You need to be saved. As a non-Christian, you are, as I'm sure you're aware, doomed to burn in hell for eternity. Fire, pitchforks, red guy with horns, you know the deal. (Bob Ellis, back me up here.)

The kind people in SD (many of them anonymous commenters on this blog, myself included) are trying to save you from this fate.

Yes, we are self-righteous, but you can't spell righteous without r i g h t! I mean really, even though none of us will ever know what happens on the other side till we get to the other side, we on the RIGHT have a trusty Book that tells us all we need to know. And, whether you like it or not, it tells YOU all YOU need to know as well.

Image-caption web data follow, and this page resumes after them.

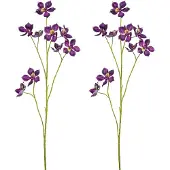Creativ Green Kunstblume "Pletia" mit traumhaft schönen Blüten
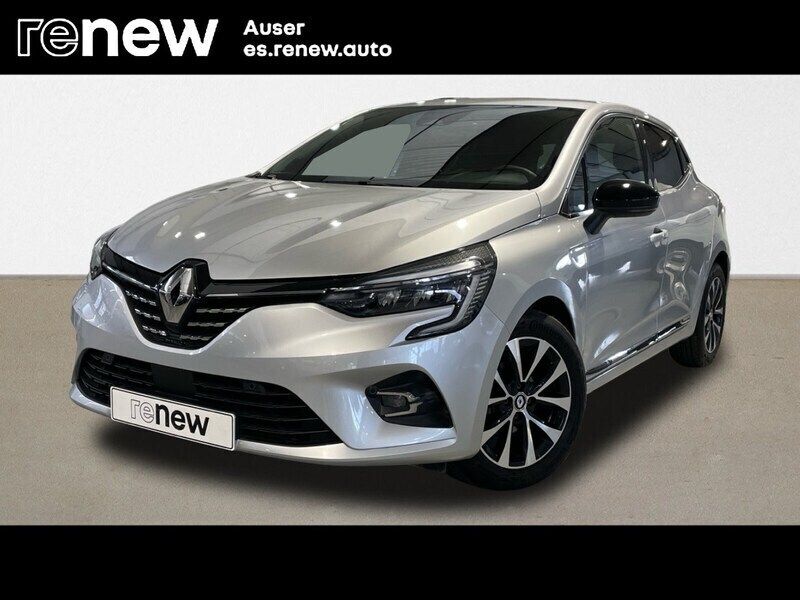 Gris platino Usado 2023 Renault Clio V Techno Berlina | 17.450 € (Precio justo) - Imagen 1/4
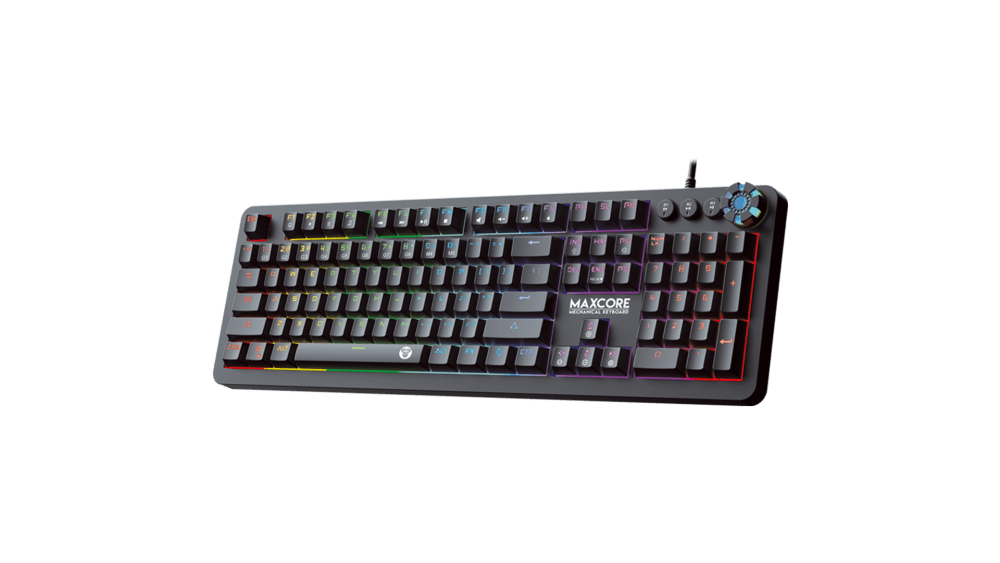 Fantech MK852 Max Core Mechanical USB Gaming Keyboard Black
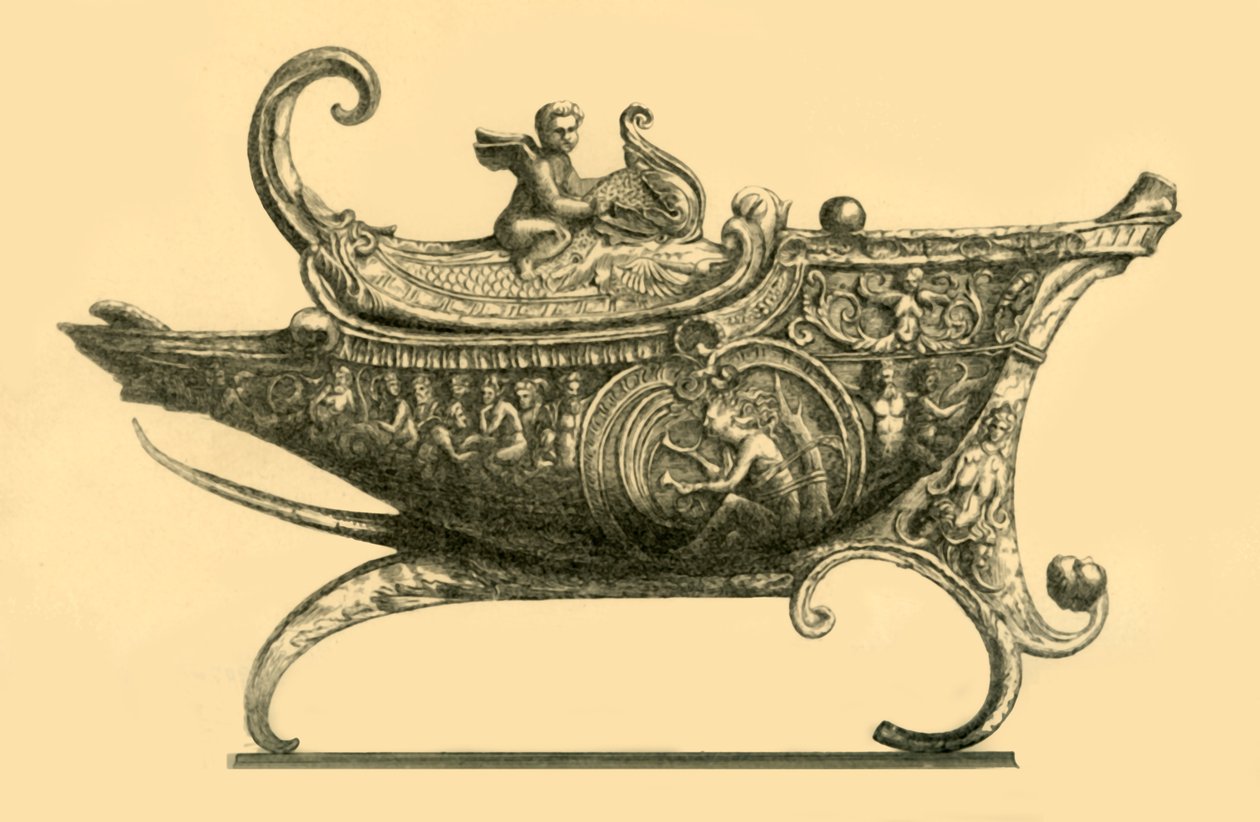 A Lâmpada Cadogan, c1507-1510, 1881. de W. M. McGill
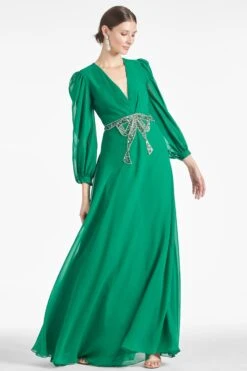 Ramsey Gown - Malachite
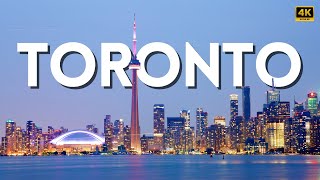 I Made Toronto Canada 🇨🇦 4K ULTRA HD 60 FPS Video Using Google Earth Studio | #canada #toronto #4k
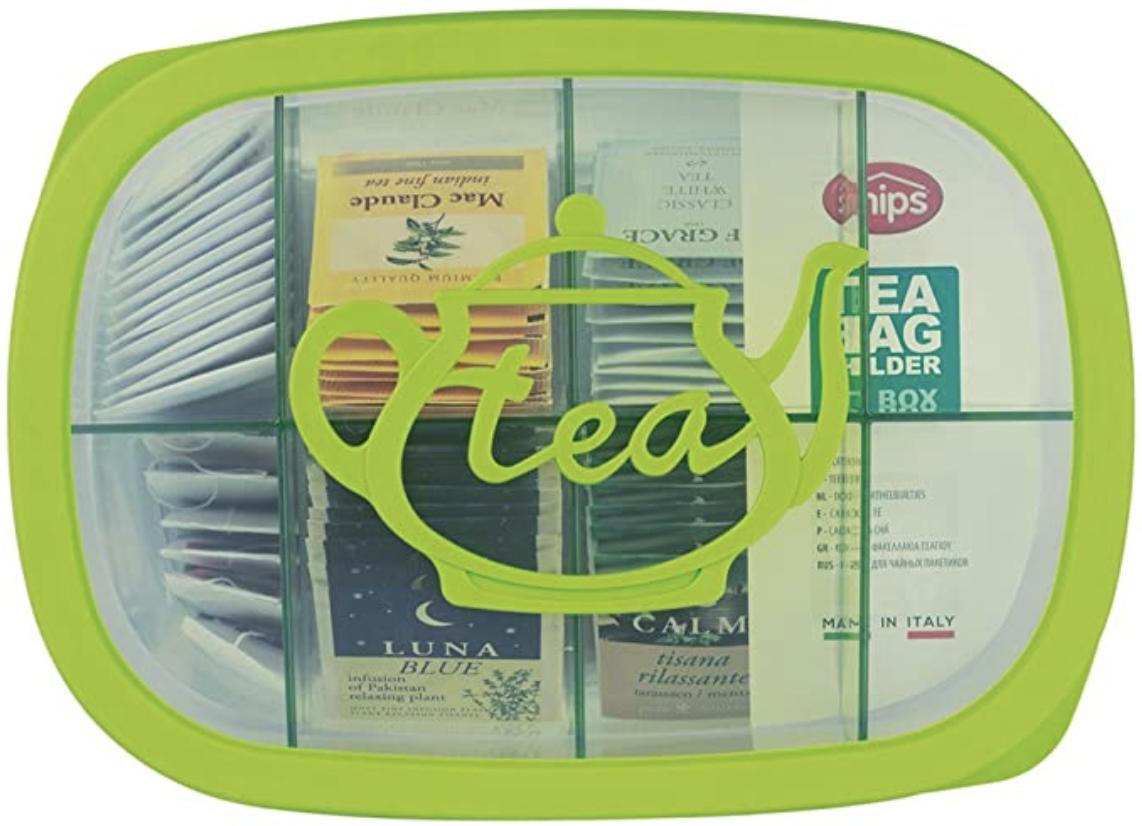 Snips Tea Bag Airtight Storage Box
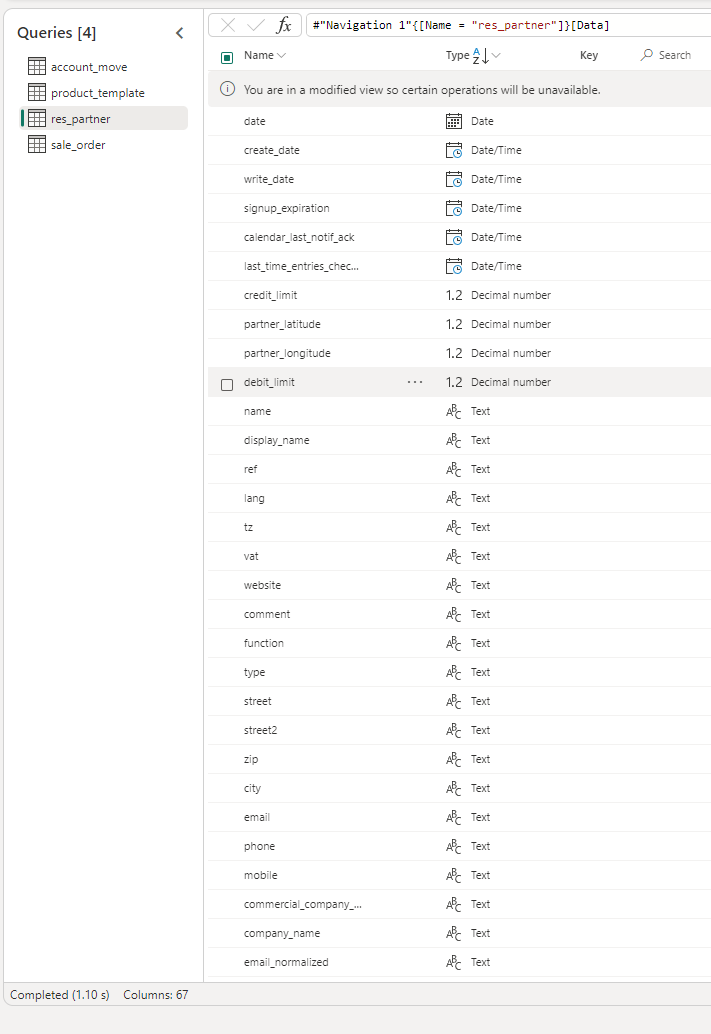 Expression.Error: We cannot apply operator & to ty... - Microsoft ...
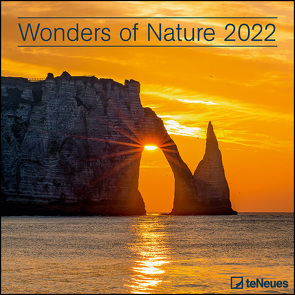 Wonders of Nature 2022 – Wand-Kalender – Broschüren-Kalender – 30×30 – 30×60 geöffnet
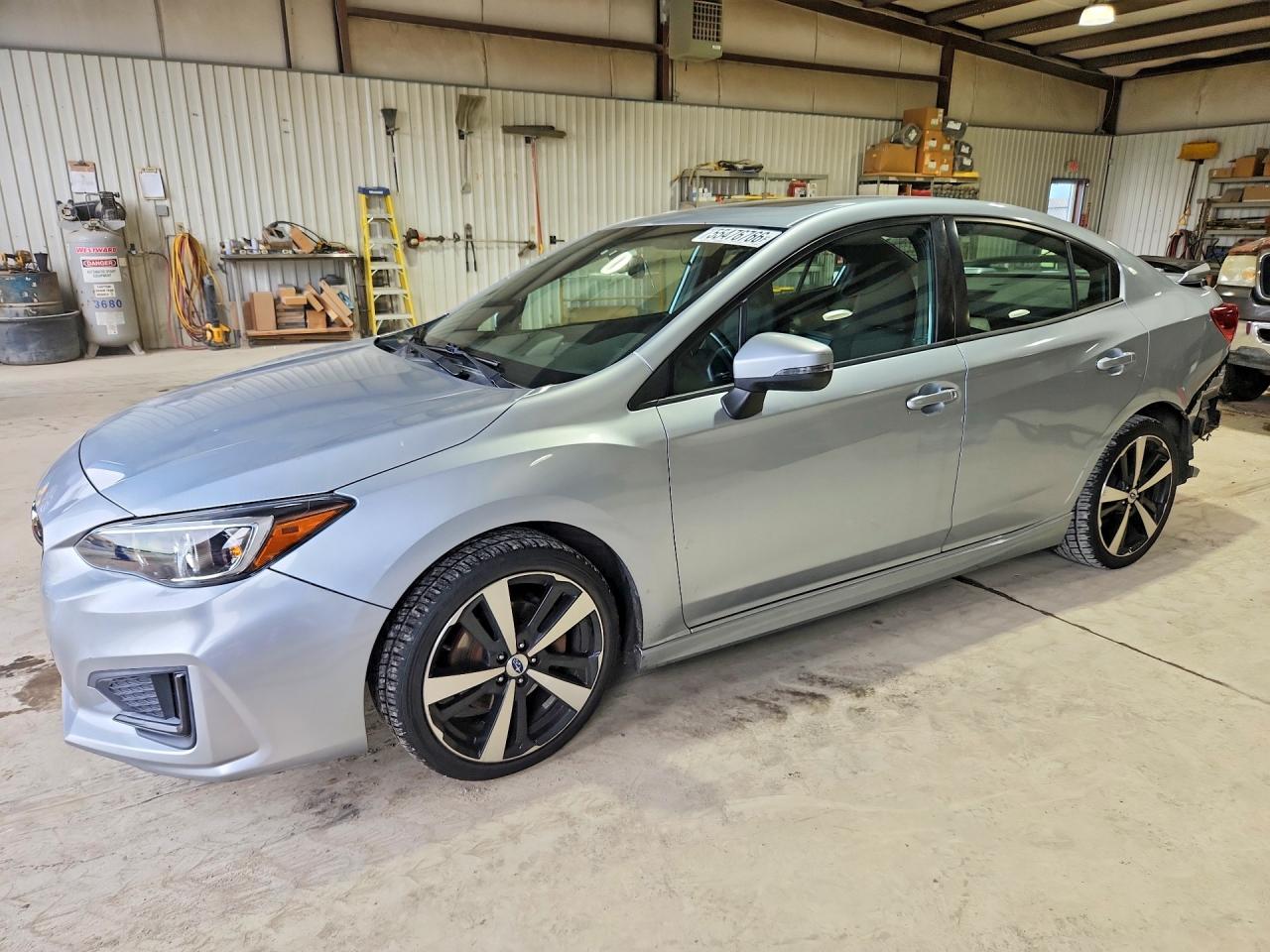 2017 SUBARU IMPREZA SPORT | 4S3GKAL61H3604360 | UPCARS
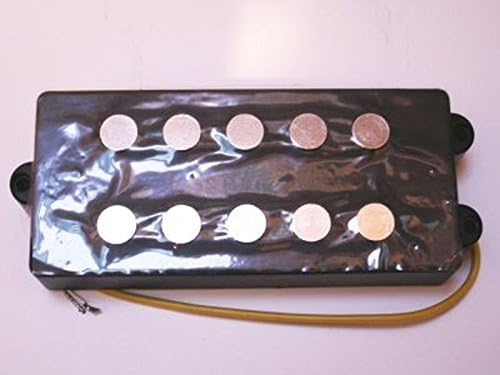 Janika 5 string Electric Bass Guitar strings Humbucker Pickup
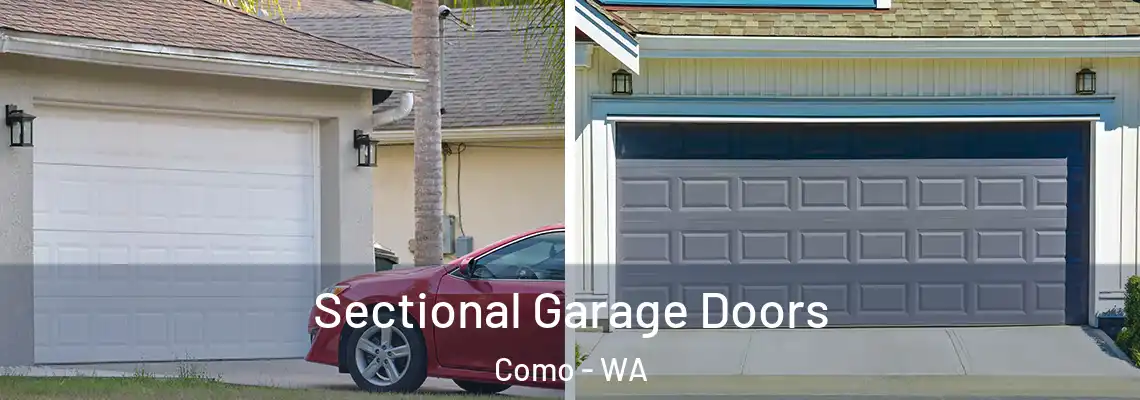  Sectional Garage Doors Como - WA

Why are you so ungrateful?

I, for one, am praying for you.

In Jesus's name,

Anonymous
Anonymous said…
Churches do have the right to talk about everything under the sun. A pastor can stand up to a congregation, and say "Abortion is wrong in every single circumstance. Even when a religious virgin is brutally sodomized, abortion is wrong. Keep that in mind as you vote. Also, people who vote against this ban are going straight to Hell, where they will sit with all of the other hippie-liberal, pinko-communist Democrats who hate America."

And that would be totally cool. No violation whatsoever. The only restraint that pastor has to show is in stopping short of directly telling people how to vote. He literally has to go so far as to ask someone to vote a particular way. When that happens, a church becomes a partisan organization and should be taxed just like all the other partisan organizations.

The RCJ editorial distorts the issue and implicitly buys the line about the poor, oppressed church. Please.
ike said…
actually, anon 10:12, I think the preacher could go so far as to say - this church believes in X and issue X is on the ballot in November. Yes is a vote for X, No is a vote anti-X. This church is praying that people vote for X. And if you vote anti-X, you may burn in the third ring.
Anonymous said…
The polling place for our area is located in a church basement. At the last general election, the poll workers had to instruct the minister and his wife to remove the Republican political signs that were hanging on the outside of the church windows and sitting in the yard of the parsonage. Christian churches need to stick to spreading Jesus' word and ministering to the people. If church members have feelings on political issues, one way or the other, let them pursue that on their own, outside of the church. That way, other church members who do not agree with them can continue to worship at their church without feeling pressure to conform or leave.